Review: The Overlook

Posted 7 months, 1 week ago

Michael Connelly’s latest Harry Bosch novel, The Overlook, started as a serialized novel, and despite a serious reworking it’s less of a treat than we’re used to getting from Michael Connelly.

Apart from the length and somewhat shallow plot, the biggest problem with The Overlook is that Harry Bosch feels tired.

Not up to Connelly’s usual standards, but if you’re a Bosch fan, it’s better than nothing.


Related Core Dump reviews:

Chasing the Dime
Lost Light
The Narrows
The Closers
The Lincoln Lawyer
Echo Park

Review: Darkness, Take My Hand

Posted 7 months, 1 week ago

The follow-up to Dennis Lehane’s A Drink Before the War, Darkness, Take My Hand continues the story of Patrick Kenzie and Angela Gennaro and their shoestring PI agency. Like the previous novel, it is a dark tale of South Boston and the corrupt, nihilistic characters who inhabit its underworld.

Unfortunately, where A Drink Before the War was dark and grim, Darkness, Take My Hand ups the gore factor and the sheer amount of human depravity and evil to an unpleasant level. It’s a fine line to walk in noir fiction, and Lehane steps way over it in this novel—reading it is like taking a bath in filth.

On the plus side, Lehane’s prose is finely honed and crafted.

Darkness, Take My Hand is definitely only for the hard-core noir fan.


Related Core Dump Reviews:

A Drink Before the War

Review: The Dead Yard

Posted 1 year, 3 months ago

Adrian McKinty’s The Dead Yard is his second novel about Irish sociopath Michael Forsythe, following the excellent Dead I Well May Be.

Like its predecessor, The Dead Yard is strong and well-crafted noir, with great writing and an uncanny ear for dialog, with a generous sprinkling of Irish slang and idioms that sets McKinty apart from other writers in the genre. Coupled with a strong, fast-moving plot, interesting and gritty characters, and a convincing portrait of the protagonist, the novel builds on the best parts of Dead I Well May Be and improves on them in every way.
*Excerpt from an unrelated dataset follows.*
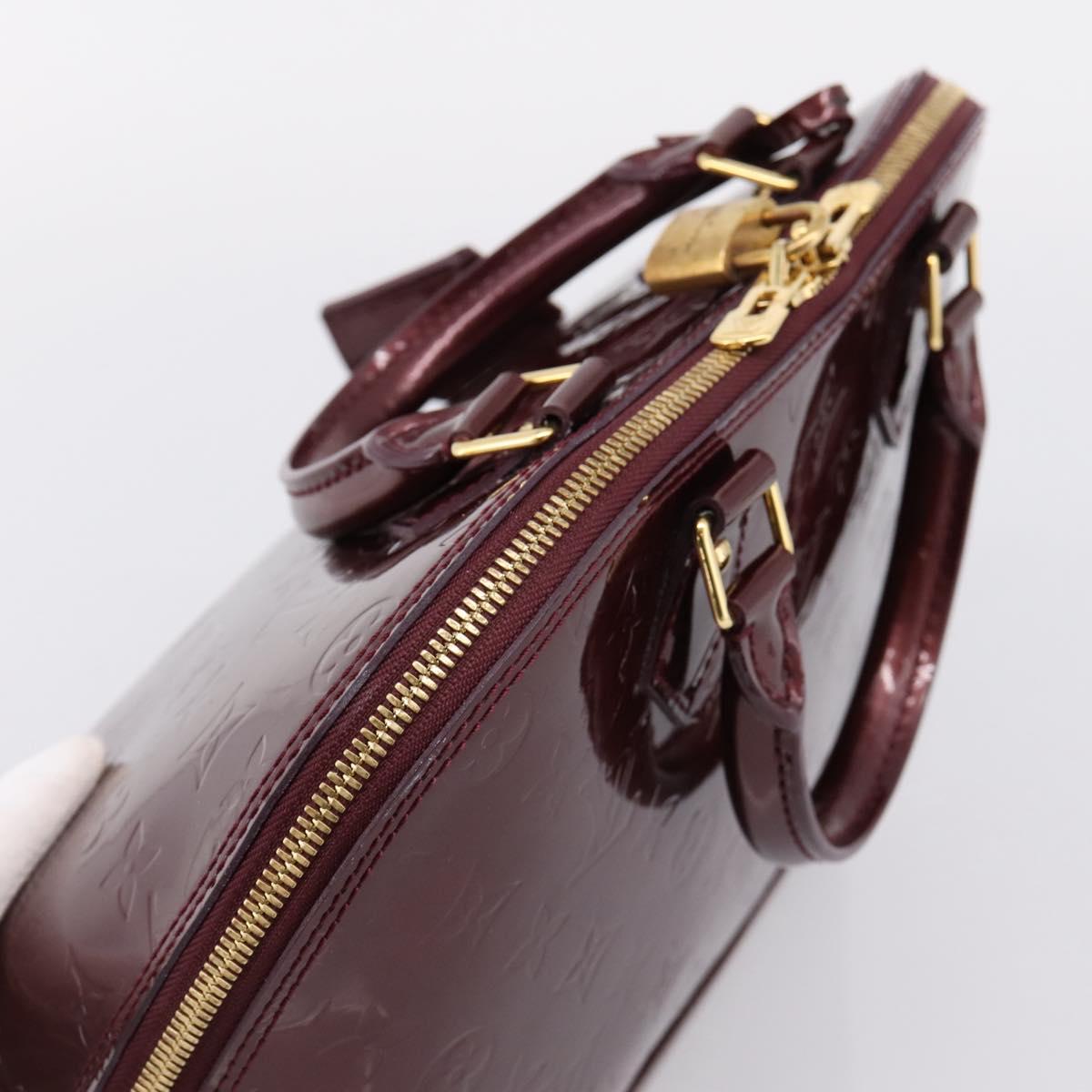 LOUIS VUITTON Monogram Vernis Alma PM Hand Bag Rouge Favist M91691 Auth ep16264A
It’s a hard novel to put down, especially as it barrels toward the grim ending.

While it can be read stand-alone, it’s best to first read Dead I Well May Be to get the back story and understand Forsythe’s motivations better.


Related Core Dump Reviews:

Dead I Well May Be

Review: Dead I Well May Be

Posted 1 year, 3 months ago

Dead I Well May Be is a new generation of hard-boiled noir, featuring a young Irishman brought over to early-nineties New York to work as muscle for a mobster.

Adrian McKinty’s strong and fast-moving debut benefits greatly from his writing style, with a strong sense of place and a great ear for the Irish dialect and idioms. The plot is fast and furious, with great pacing and inevitability. It’s one of those novels that keep you reading way too late into the night.

Dead I Well May Be does suffer a bit from the narrator’s lack of pathos, coming across more as if he’s suffering from Asperger’s than from a violent childhood in Belfast during the Troubles.

That aside, though, it’s a gripping read.

Review: A Drink Before the War

Posted 1 year, 11 months ago

With A Drink Before the War, Dennis Lehane shows that he is a force in modern American Noir. The novel takes place on the mean streets of Boston—portrayed as a cesspool of racial tension, corruption, and grinding poverty—and follows two private investigators as they take on a missing-persons case that seems like it should be open-and-shut, but ends up putting them in the cross hairs (literally) of corrupt politicians and competing gangs.

A Drink Before the War starts out with a bang, but along the way it sometimes loses steam and meanders a bit, before a decently satisfying ending.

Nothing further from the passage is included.